Art by Jill Bliss
“Money is not the African’s problem; it’s how to spend it.”
-Kimpianga Mahaniah (my father)
In my early days as a medical student and intern, I was struck by how concentrated the training was on my individual responsibility in that moment for a particular patient’s morbidity during a discrete event. Population health was seen as beyond the scope of the 1:1 interaction. It was not an expectation that one would address the issues of the patient, the clinician, as well as discuss the 21 recommended screenings for the patient. At the time, “team-based care” meant that everyone on the team was an extension of the physician who had the most status. Productivity was king; those leaders with the most responsibility for this had corner offices. Quality outcomes were seen as pressure from external stakeholders. QI teams were like mushrooms, kept in our institutions’ basement with little to no resources, brought out to the light only in preparation for audits. Quality was an add-on, not a building block. Although that state of being could be used to judge clinicians harshly, we were responding to the design of the fee-for-service (FFS) system.

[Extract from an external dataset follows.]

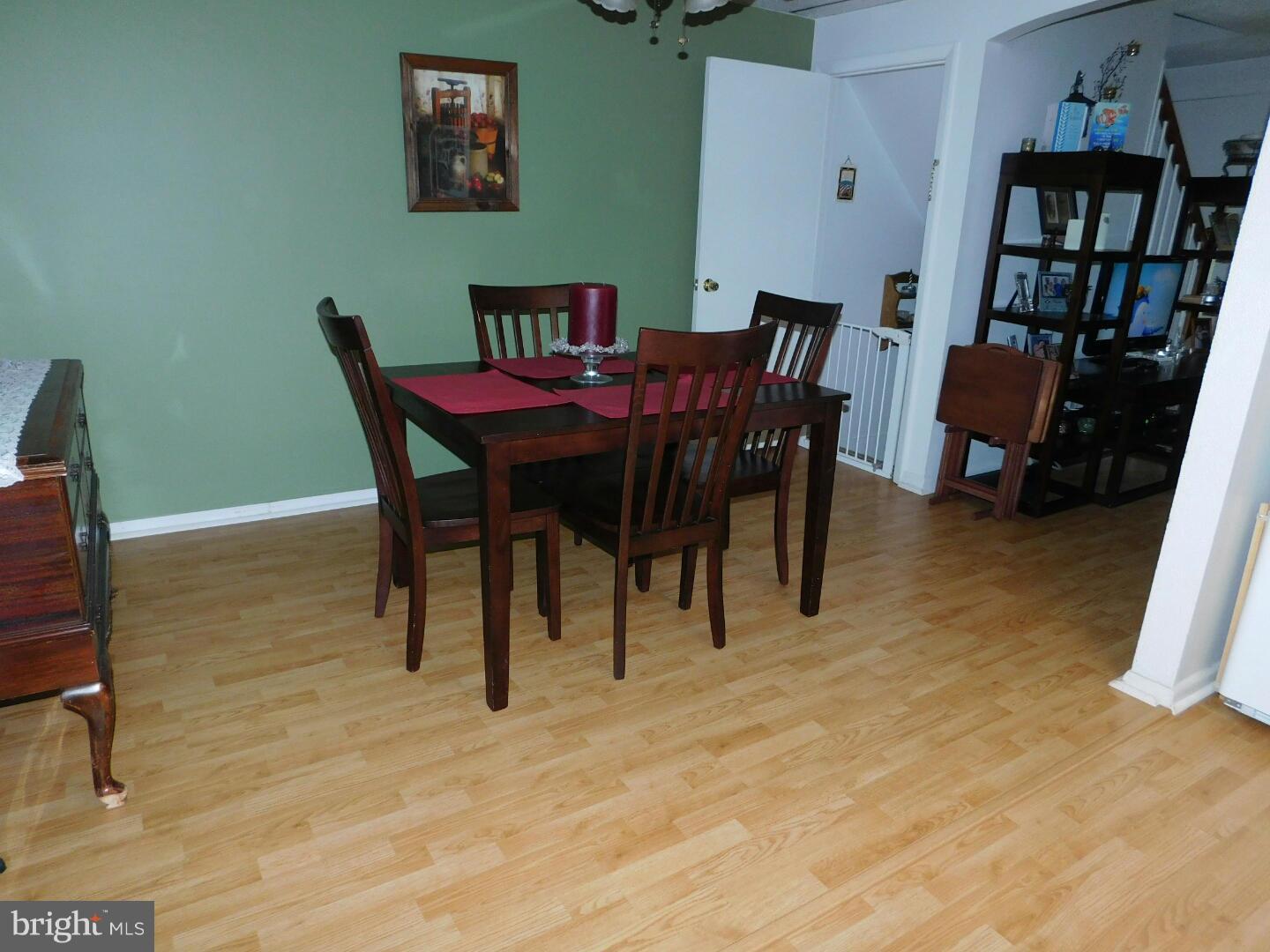 7708 Charlesmont Road Baltimore, MD 21222 - Photo 7 of 28 a view of a dining room with furniture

For larger systems, from a financial perspective, primary care is essentially seen as a loss leader. Primary practices are acquired to identify the patients necessary to generate revenue in the higher margin areas. For community health centers, entirely concentrated in underserved communities and primary care (which meant unbelievably lower per encounter reimbursements as compared to private insurers), the current FFS system guarantees inequity. Not only do FQHCs not provide the income generating procedures, but they see lower reimbursement per primary care encounter. Since it takes more resources to care for patients of lower socioeconomic status, those who speak a language other than English at home, as well as those who live in chronically underfunded communities, the FFS systems make it difficult to increase support/services for those with the most needs, and to coordinate with sister agencies to address fundamental social determinants of health. The real-life measures of well-being remained elusive as we strove to reach basic “quality” criteria.
The Value based care system being proposed would provide us with more financial resources, as well as flexibility to determine what services make the most sense, both as a system and at the individual level.
Under FFS, the challenge was squeezing enough out of a mismatched system to provide for the most desperately and inadequately reimbursed services. What services can you imagine providing, to positively impact the lived experience of the patient in a measurable way, decreasing the overall cost of care, and improving the quality of work for your team?
CEO, Lynn CHC
Inspired by a childhood divided between a war-affected third world country – the Congo – and a high performing first world one (Switzerland), as well as parents intimately involved in rural development NGOs, Dr. Kiame Mahaniah brings a deep passion for social justice and the fight against inequities to his work as CEO at the Lynn Community Health Center in Lynn, Massachusetts.